Dès les trois grandes révoltes réprimées dans un bain de sang qui agitent le Sud-Est du pays en 1925, en 1930 et en 1936-1938, les Kurdes ne sont pas unis : « La révolte de cheikh Said en 1925 a essentielle-ment mobilisé des Kurdes zazas ; les Kurdes alévis, dont le statut s’améliorait avec la République, ont refusé de s’engager [3] », et « dans les années 1920 ou 1930, lorsque les Kurdes sunnites de Turquie se soulèvent contre le pouvoir, les Kurdes alévis du même pays restent silencieux, et inversement [4]. »
Si l’on s’en tient à la Turquie, où la majorité des Kurdes sont musulmans, la fracture entre sunnites et alévis est telle qu’elle prime sur l’appartenance kurde. La solidarité religieuse entre alévis prime sur les appartenances ethniques, car les alévis (qui sont aujourd’hui entre 10 et 15 millions en Turquie) ont été victimes de l’oppression de la majorité sunnite à plusieurs reprises au cours de l’histoire. Dans les années 1970, des pogroms anti-alévis ont eu lieu, notamment à l’est du pays, où des Kurdes sunnites ont pu s’en prendre à des Kurdes alévis...

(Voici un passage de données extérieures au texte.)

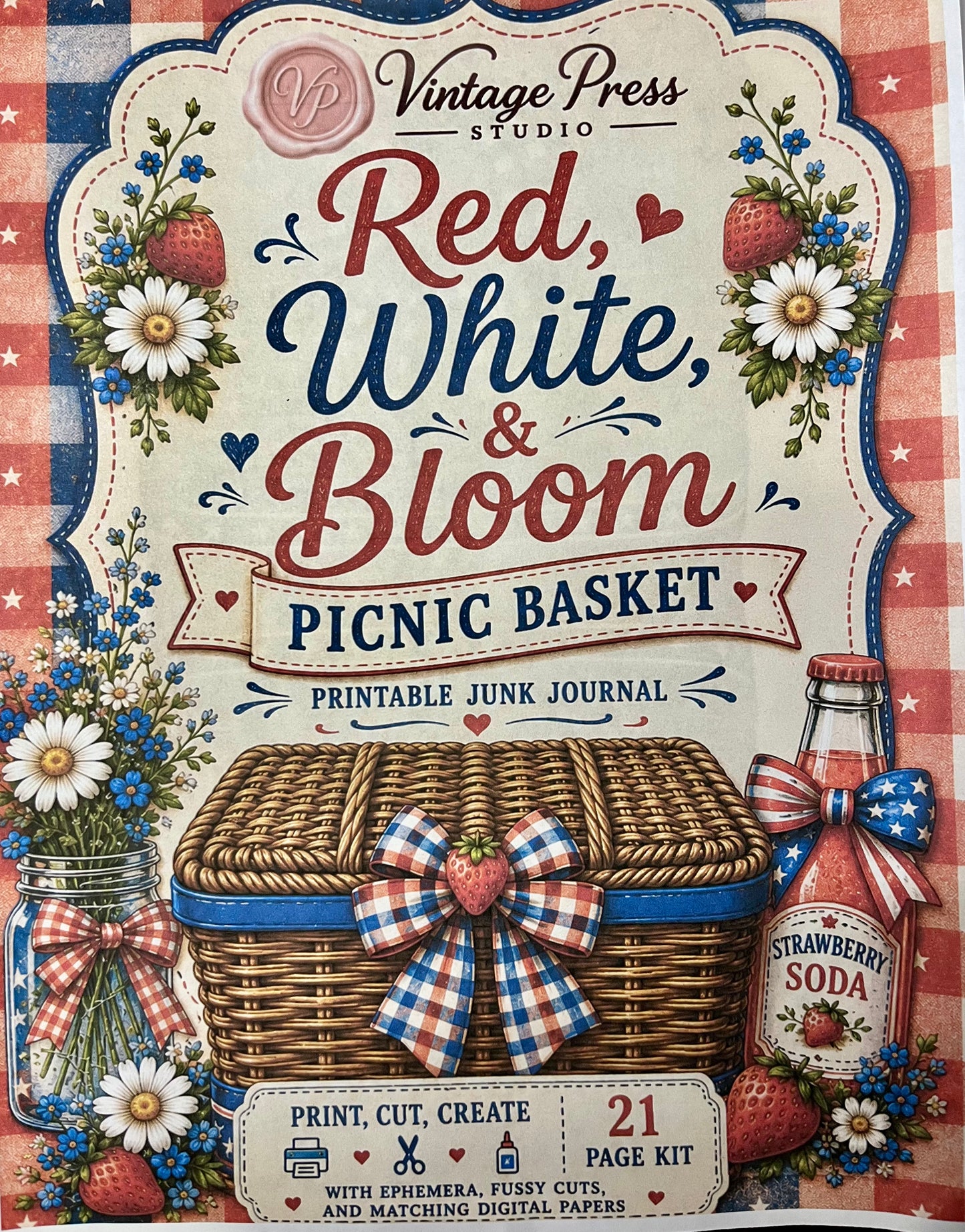 Paper Craft Socials: Red,White and Bloom — Journal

Outre l’absence de mobilisation transfrontalière et les contacts limités entre Kurdes des différents États de la région (Turquie, Iran, Irak), les dissensions internes aux Kurdes de Turquie font donc du projet séparatiste d’un Kurdistan transnational une utopie peu partagée. Les partis kurdes recrutent sur des bases nationales, et leurs revendications sont nationales. Quant au PKK, qui recrutait certes des Kurdes syriens, irakiens, iraniens, dans les années 1980, il avait choisi comme langue de travail entre cadres du mouvement... le turc !
En fin de compte, les Kurdes pour qui l’idée d’un Kurdistan transfrontalier semble avoir un sens, sont ceux de la diaspora - qui, logiquement, regroupe des Kurdes exilés, victimes de la répression turque. Ces Kurdes-là ont construit leur identité par rapport à la stigmatisation dont ils ont été victimes. « La diaspora européenne reste probablement le dernier endroit où une identité kurde transnationale pourrait se reconstruire [5] », notamment dans les instituts kurdes (Paris, Bruxelles, Berlin, Moscou, Washington...) qui sont des lieux d’information pour les militants en exil et une base arrière du PKK.

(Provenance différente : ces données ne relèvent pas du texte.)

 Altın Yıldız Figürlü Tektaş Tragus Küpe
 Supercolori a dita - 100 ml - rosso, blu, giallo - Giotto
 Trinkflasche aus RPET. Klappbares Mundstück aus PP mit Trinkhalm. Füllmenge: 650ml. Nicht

Reste à savoir jusqu’à quel point le PKK a été, durant les années de guérilla, et reste représentatif de ce que souhaitaient les Kurdes de Turquie. Rappelons que le PKK est considéré comme une organisation terroriste par la Turquie, mais aussi par l’Union européenne. Réaction à la violence étatique, ou cause de celle-ci (selon le point de vue selon lequel on se place), le PKK a mené de très nombreuses actions violentes, notamment à partir des années 1990. Des attentats ont alors été commis contre les militaires turcs, mais aussi contre des touristes. Le mode d’action violent a touché, outre le fonctionnement interne du parti, la population kurde elle-même : le racket était monnaie courante. « Cela s’explique par le fait que le PKK se considère comme un État en puissance. Dans cette logique, le prélèvement obligatoire, c’est un impôt, ni plus ni moins. Et le fait d’enrôler de force des jeunes gens, c’est le service militaire [6]. » Au sein de la population kurde, les individus taxés de « collaboration » avec l’État turc ont été malmenés. Et bien sûr les Turcs. « Dans les années 1990, il procède à l’assassinat des instituteurs. Et il vise, en général, tout ce qui symbolise l’État turc : les commissariats, la gendarmerie, la poste, les banques... Il faut cependant rappeler que l’État turc a envoyé au Kurdistan des escadrons de la mort qui ont tué quelque 2500 personnes, des sympathisants du PKK ou des intellectuels nationalistes kurdes. Face à cette répression, la majorité des Kurdes a fini par considérer le PKK comme son armée de libération nationale [7]. »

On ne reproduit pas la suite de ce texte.